As they have already seen, the cost, time and risk-management benefits are potentially very impressive, especially for high-volume translation services for which raw machine translation output is adequate. The processing cost per word through a neural machine engine is nominal compared to translation costs by a human. For the more exact needs of standard publishable content, the scope for savings is still substantial because of the time and labor saved in initial rounds of translation.

Keeping automation options open

When translation needs are highly specialized, companies may prefer to invest in custom-trained engines that will utilize the company’s preferred terminology and will use more precise vocabulary and style for the industry.

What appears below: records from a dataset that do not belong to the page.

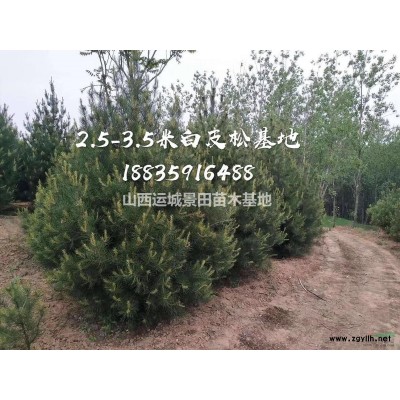 占地桃樹3-15公分價格·占地3-15公分桃樹·供應占地桃樹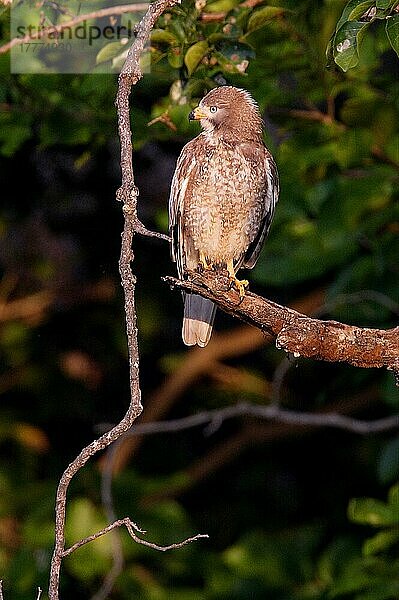 Weißaugenbussard (Butastur teesa) erwachsen  auf einem Ast sitzend  Gujarat  Indien  November  Asien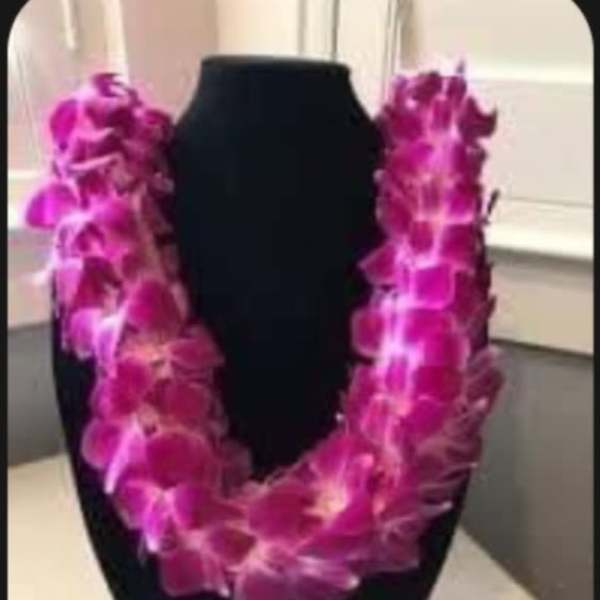 Leis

How does a life sciences company decide on whether the investment is warranted? An LSP partner can help navigate the fast-changing intelligent translation automation technologies. Machine translation systems and processes are not one-size-fits-all and they are constantly evolving.

Within a system-neutral approach, an LSP can be the gatekeeper for all options and the latest best systems. By keeping their finger on the pulse of the evolving technology, they are best positioned to not only manage the automated translation process for their life sciences clients, but they are uniquely qualified to provide guidance on the most suitable systems and processes to maximize the output quality and ROI. 

In fact, in life sciences, as the need for efficient management of international content rises and global compliance demands become an increasingly onerous issue, companies are looking less for just translation suppliers and more for complete solutions/process partners — service providers that can turn projects around quickly, efficiently using the best route to accuracy, quality and ROI for the workload at hand.

As to where this could all end, machine translation technology is improving at such a fast pace that we can already expect translation automation solutions to be a standard part of commercial translation processes — even before 2019 is out. Demands for the capability are soaring already, so being able to offer more intelligent options, and report on associated performance metrics, is now imperative for any LSP.

As things stand, the conditions in life sciences are ripe for positive change. The volume of content that companies need to translate has exploded, timeframes to process these expanding workloads have shrunk and budgets are being squeezed, so technology-enabled efficiencies are a must. Intelligent translation automation solutions which bridge the gap between efficiencies and high quality have become a vital consideration as companies look to address these challenges — whether across clinical trial documentation, patient labeling or post-marketing pharmacovigilance activities.

Other industries are already further along with NMT and it’s true that the life sciences market has been behind the curve with AI until now. But necessity is the mother of innovation as well as invention, and the developments in the global and fast-changing world of pharmaceuticals and medical devices will be interesting for the wider world to watch.